I'm not sure that there is any guaranteed method.

I don't orgasm from oral every time, and in fact am not sure I've ever had a full blown (if you'll pardon the pun) orgasm from oral alone; it usually requires some penetration from the fingers as well.

I think it is very easy to get too hung up on orgasms, actually. By which I mean it can actually be counter productive to try too hard. You need to read the body language and gauge how she is reacting and go from there. It isn't always going to happen, however good you are. But it should always end up being very pleasurable, whether or not the earth moves.

My husband, when we had a sex life, was very dutiful about making sure I came before him. Unfortunately that sense of duty rather backfired, and in the end it became all too easy to fake just so he'd stop with his fumblings and finish.


----------



## Thewife (Sep 3, 2007)

Yes. Initially when we started it was not always so its important that she guides you through and achieves it and you learn the trick that works for her, every woman is different.


----------



## Maricha75 (May 8, 2012)

I used to not orgasm all the time. Never have faked an orgasm, I was just completely honest with my husband about it. Sounds like your wife is on the right track there. Was it JUST oral, or did you do anything else to try to get her off as well?

You asked about toys... is she even OPEN to toys? I know that bullets work for clit stimulation, but you need to be sure what speed works best for her... Some like the faster speeds, some prefer slower. 

But the main thing is do NOT get so hung up on the orgasm that you lose sight of everything else.


----------



## janesmith (Nov 29, 2010)

and no matter how good you are, just like men lose erections, we can get so close and then its gone and its like starting from the beginning again. Its just not our night. We lose focus. its okay. 

sometimes getting licked the same way too longs makes me numb. i like the hit and run method, lol. lick some, stop, slow down, shift, then lick it some more.


----------



## PBear (Nov 16, 2010)

My SO often needs/wants stimulation from fingers as well as oral. I think she's only had a strictly oral orgasm about 3 times in the last 2 years.
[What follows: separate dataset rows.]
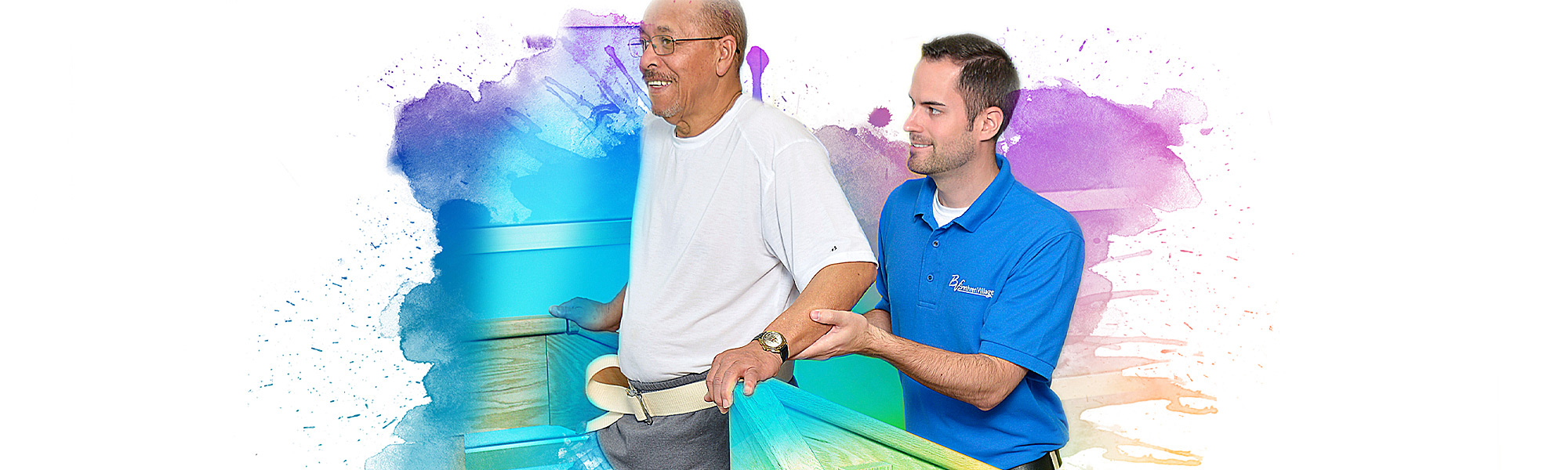 Physical Therapy patient and therapist working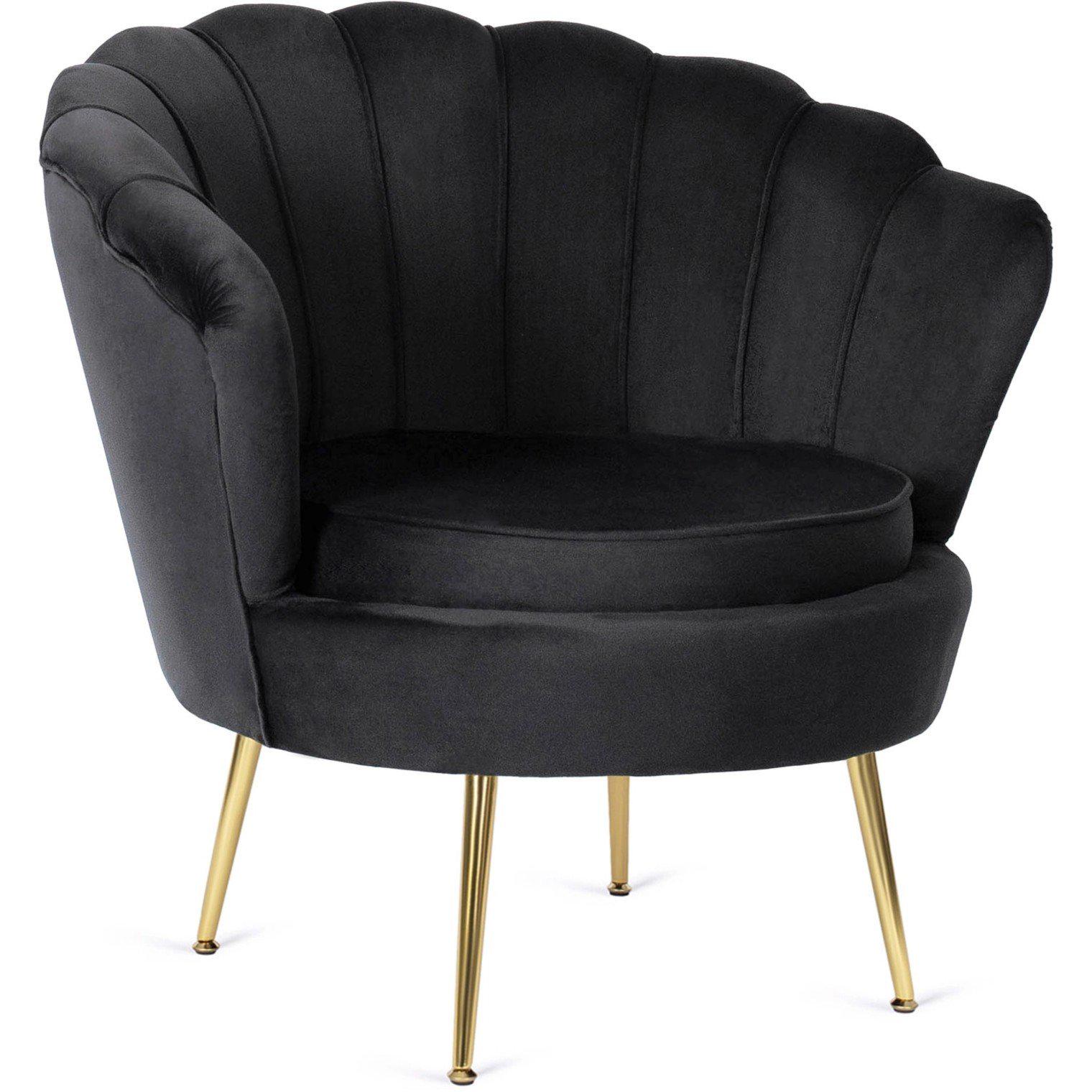 Кресло мягкое Mebel Elite ANGEL Welur Черный (ME.ANGEL/CZ/V/FW)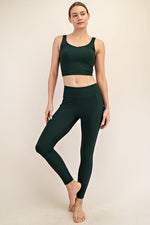 Refresh Ribbed Leggings with Pocket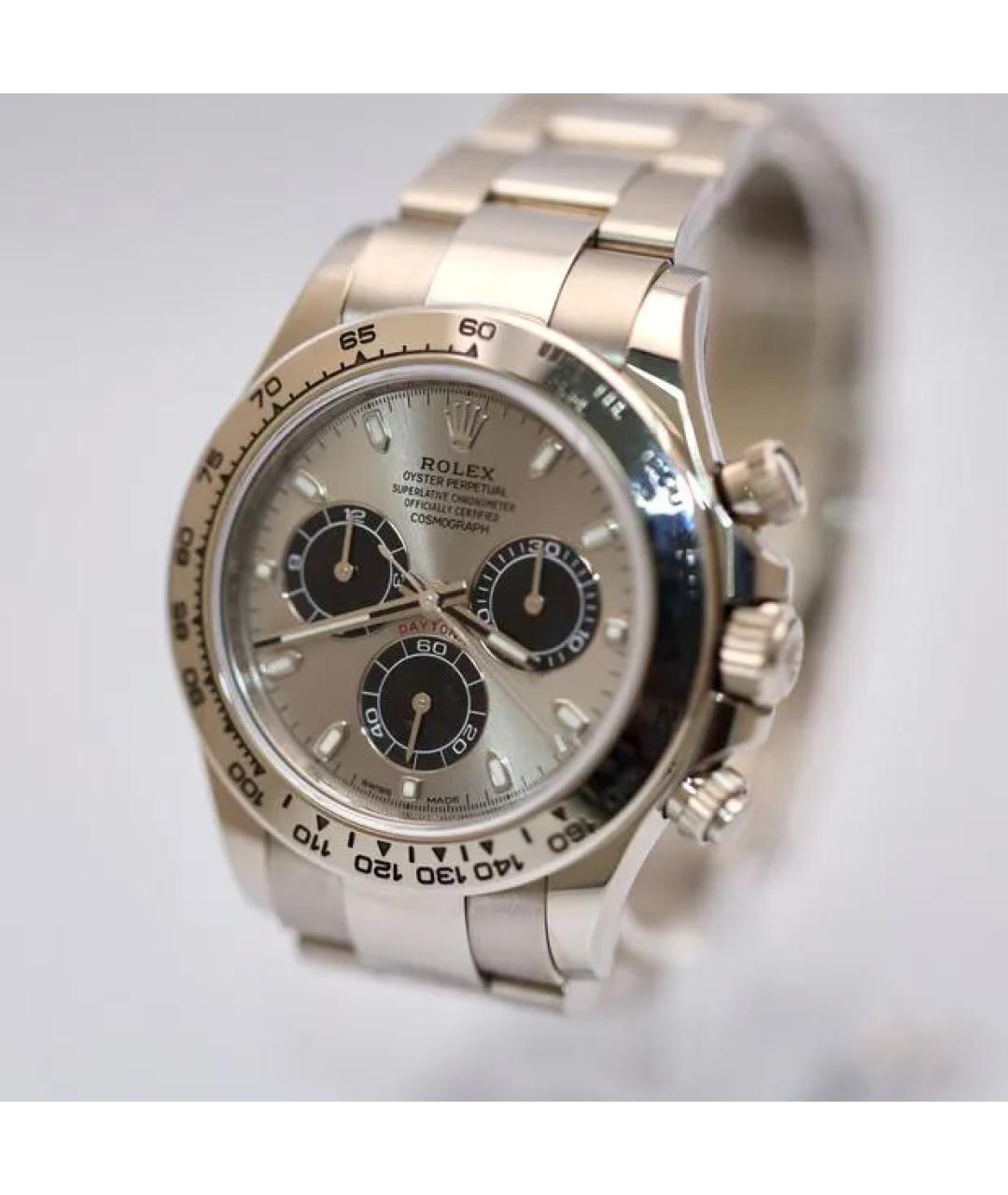 ROLEX Серебряные часы из белого золота, фото 2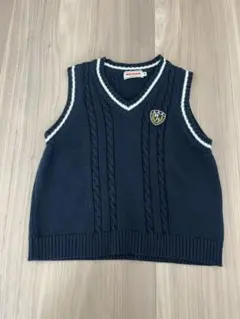 ミキハウス ネイビー Vネックベスト 110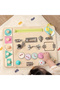 Placa senzoriala din lemn tip Montessori, multiple activități interactive - 4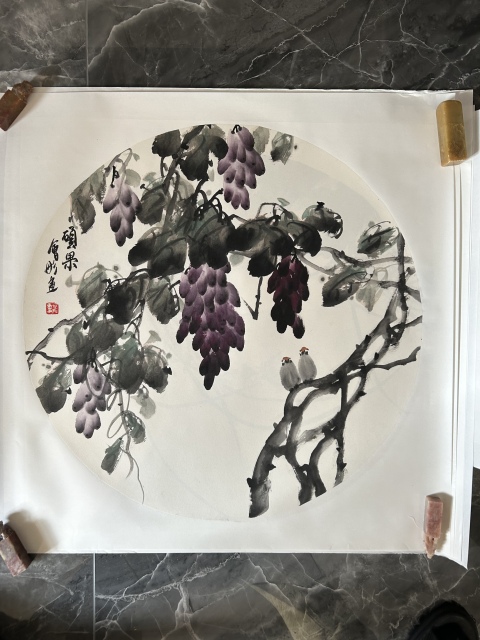 古玩字畫謝會彤《碩果》拍賣,當(dāng)前價格450元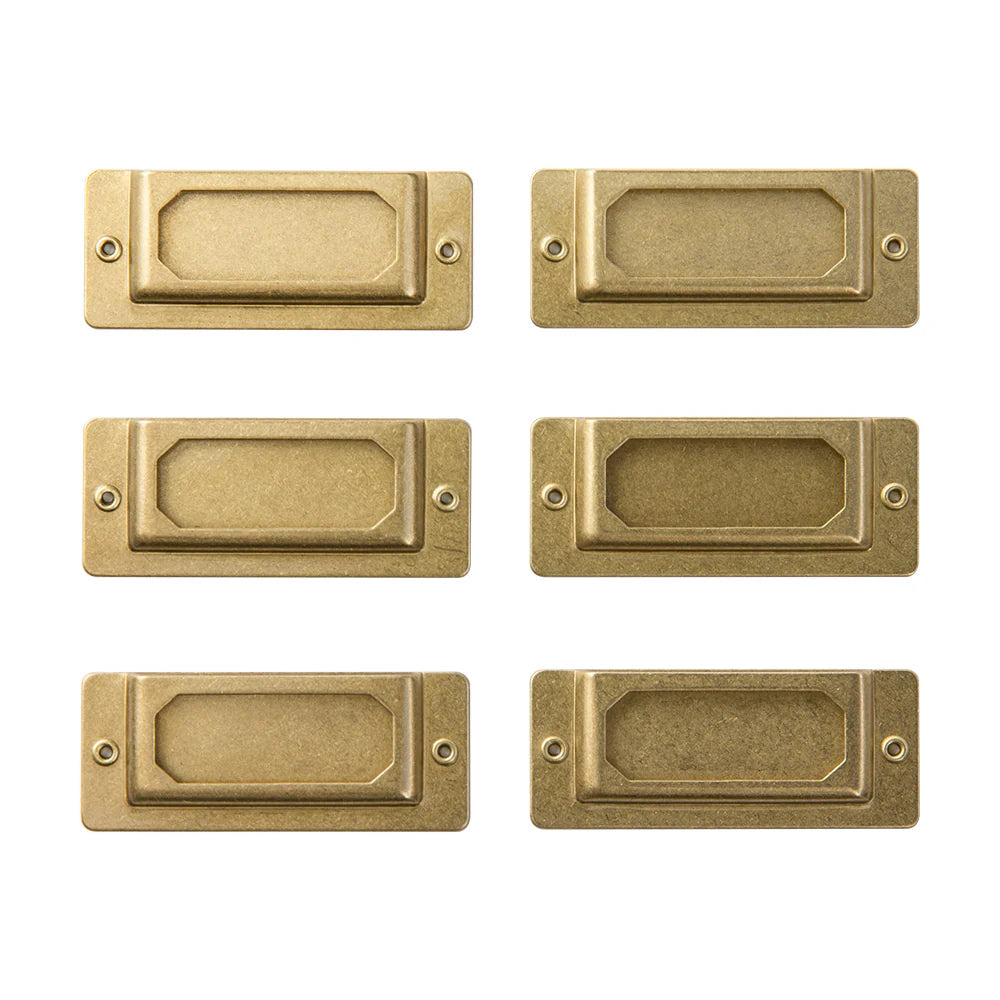 Traveler's Company Label Plate, Brass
Oddly enough, that's about as often as she's had a strictly vaginal orgasm as well... The girl just needs extra stimulation! 

So what have I learned from her... First off, I learned to find and use her g-spot and "a-spot" while giving her oral. Both of them have their purpose, and they result in different orgasms. Second, with regards to toys... When giving her oral, I use a penetrative toy on her. A dildo, or a pair of Ben-wa balls with my fingers. Third, foreplay can play a big role, even before I touch her pvssy.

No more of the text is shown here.